= Frank McMahon (author) =

American-Irish playwright (1919–1984)

Frank McMahon (20 September 1919 – 22 December 1984) was an American-Irish playwright and broadcasting executive. His adaptation of Brendan Behan's autobiographical Borstal Boy played on Broadway after a long run in Dublin's Abbey Theatre.

==Life and career==
McMahon was born in New York in 1919 to Irish parents, his mother from Mayo and his father from Roscommon. After graduating from Fordham University, McMahon served as an officer in the United States Navy during World War II. Following a successful career as an executive with NBC and MCA, McMahon moved to Ireland in 1961 where he worked with the newly established Raidió Teilifís Éireann (RTÉ). In the mid-sixties McMahon was commissioned by Tomás Mac Anna, Artistic Director of Dublin's Abbey Theatre, to adapt Brendan Behan's 1958 book, Borstal Boy, for the stage. The critically acclaimed production, directed by Mac Anna, was staged at the Abbey Theatre in 1967 and became the longest-running play in the history of the Abbey Theatre. Following a Broadway run of Borstal Boy in 1969, McMahon was awarded the 1970 Tony Award for Best Play.
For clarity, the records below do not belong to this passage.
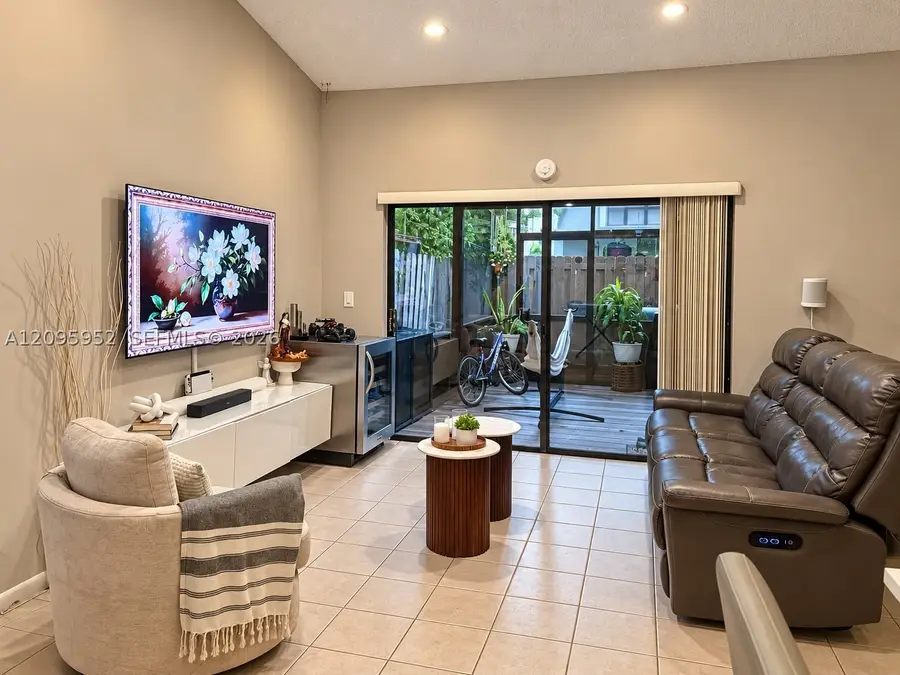 7466 NW 34th St, Lauderhill, FL 33319 - #3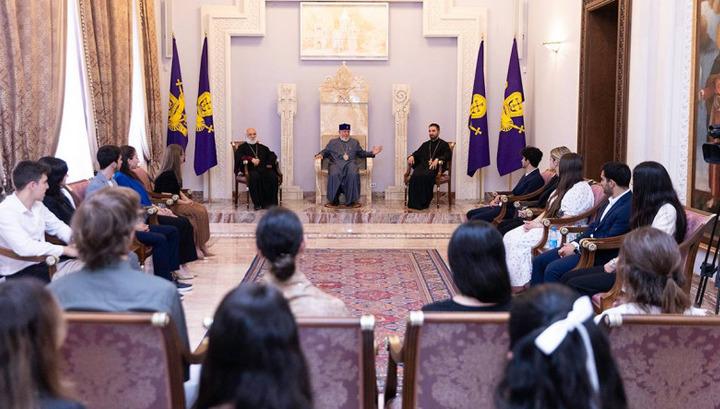 Գարեգին Երկրորդը երիտասարդներին հորդորել է ամուր պահել սերը հայրենիքի նկատմամբ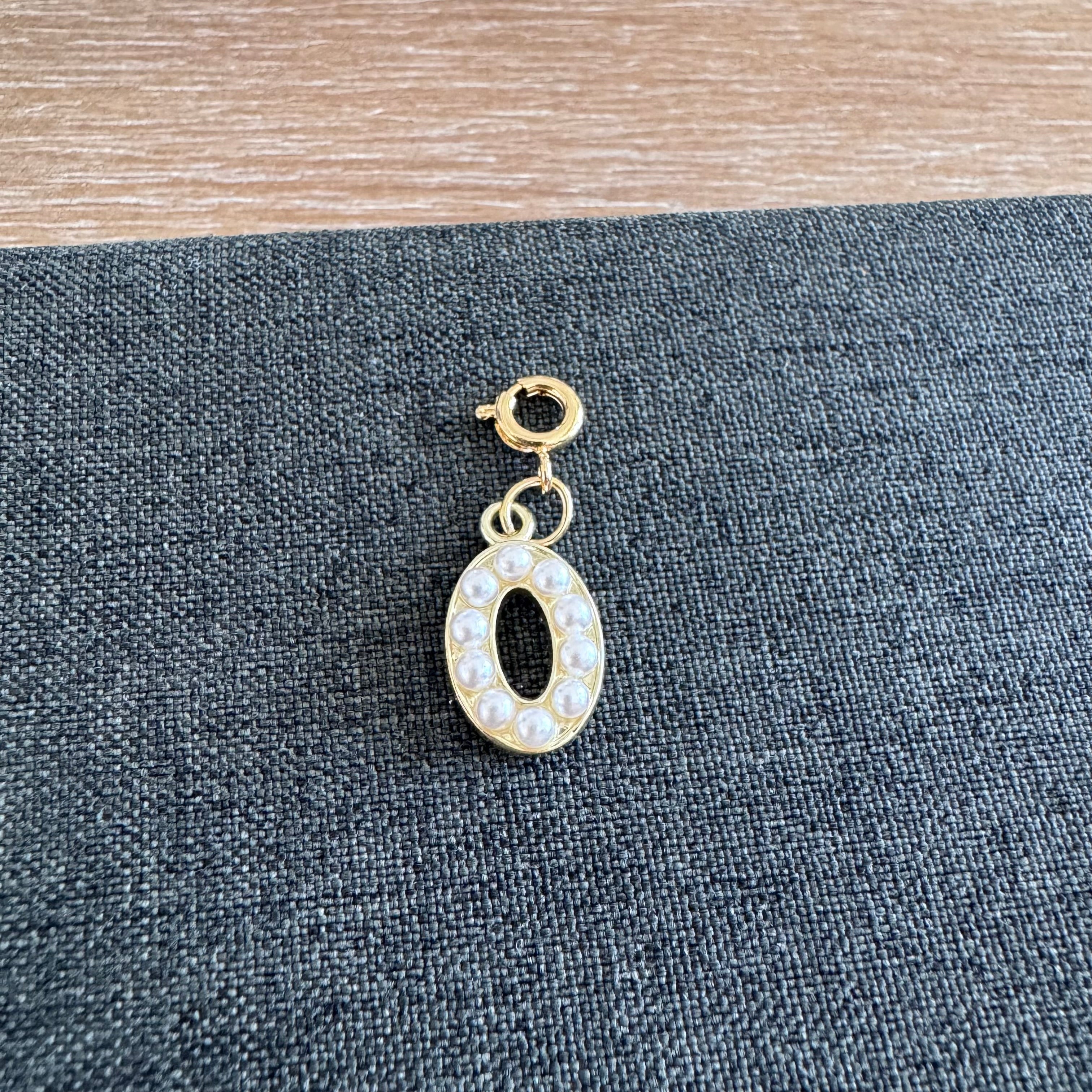 Number Charm Pearl with clasp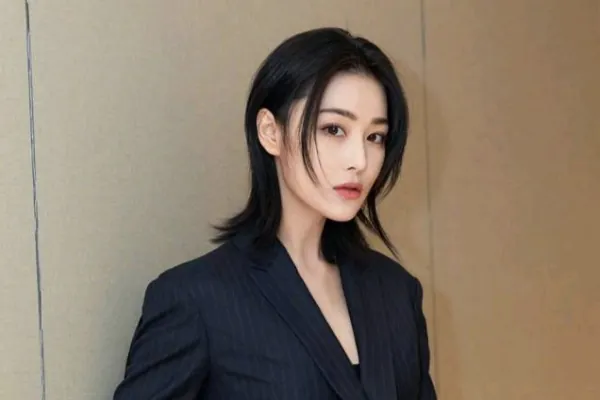 如何看待唐嫣最新的短发造型？什么样的人适合短发呢？戚薇最新造型,短发-第20张图片-爱游哥学习网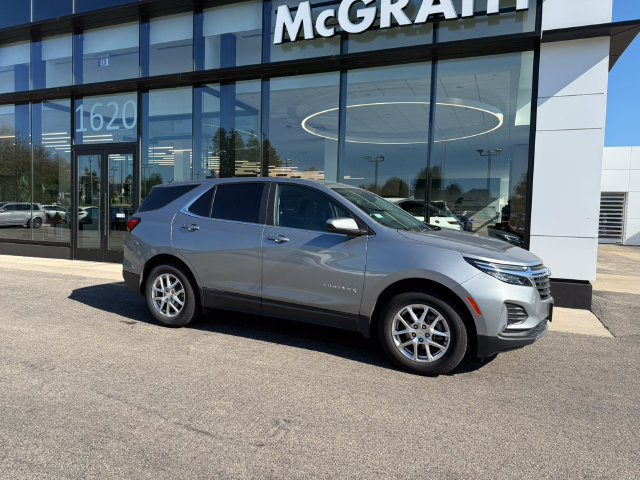Used 2023 Chevrolet Equinox LT w/ Driver Convenience Package AWD/4WD image 2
McMahon later founded the publishing company, Four Masters, which published works including, in 1975, James Connolly, Portrait of a Rebel Father by Connolly's daughter, Nora Connolly O'Brien, and Alive, Alive-oh by John Molloy. McMahon also wrote Gandhi: The Fiery Gates for the Abbey, and James Connolly, a documentary for television. He died in 1984.